Australian not-for-profit organisation

Zoo Friends provides assistance to Sydney's Taronga Zoo and Dubbo's Western Plains Zoo as a not-for-profit organisation. Over two million dollars were raised in 2005 in support of the Zoos and conservation and education strategies. In 2009, the total membership of the Association of Zoo Friends was over 62,000.

Started in 1983 with the goal to provide financial and volunteer help to both Taronga and Western Plains Zoos, Zoo Friends has a governing body with elected and appointed members. Elections are held annually, and all adult financial members are eligible to vote and to run for office.

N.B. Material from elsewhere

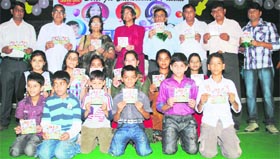 Child vocalists with chief guest Laxmi Shankar Vajpayee at the release of an album in Rewari.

Funds are raised by membership subscriptions and educational activities. Zoo Friends membership subscriptions contribute to zoological conservation and education projects. Fifty per cent of membership subscription fees goes automatically to Taronga and Western Plains Zoo. This amounted to $1.3 million in 2008. In addition to this fifty percent, $10.00 of every subscription also goes directly to the Taronga Foundation in support of the Zoological Parks Board's master plan.

The remainder of subscription monies, after operating expenses are met, is returned to the zoos in the form of grants for the Zoos' conservation and educational projects. They can vary from funding for new animal enclosures, animal enrichment equipment and projects to Zoo Friends' fellowships. Zoo Friends have donated over $13 million.

Zoo Friends has over 460 volunteers at both Taronga and Western Plains Zoos. They give over 60,000 hours of dedicated service each year. This represents an estimated yearly contribution of $1.8 million based on average employment costs. Volunteers help the zoos in a wide variety of areas, including service providers and educational facilitators.